◆ DATA LISTING
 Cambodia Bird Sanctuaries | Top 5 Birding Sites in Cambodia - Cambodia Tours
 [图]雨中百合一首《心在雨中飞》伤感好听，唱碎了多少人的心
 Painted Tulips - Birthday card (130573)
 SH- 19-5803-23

==

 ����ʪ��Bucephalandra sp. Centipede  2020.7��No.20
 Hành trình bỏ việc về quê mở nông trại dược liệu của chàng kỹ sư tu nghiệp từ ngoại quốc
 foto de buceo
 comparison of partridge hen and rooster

◆ TASK DESCRIPTION
Give back, exactly as written, the stretch from the line with "- Cambodia Tours" through the line with "SH- 19-5803-23", and no other lines from the records above.

◆ THE ANSWER
 Cambodia Bird Sanctuaries | Top 5 Birding Sites in Cambodia - Cambodia Tours
 [图]雨中百合一首《心在雨中飞》伤感好听，唱碎了多少人的心
 Painted Tulips - Birthday card (130573)
 SH- 19-5803-23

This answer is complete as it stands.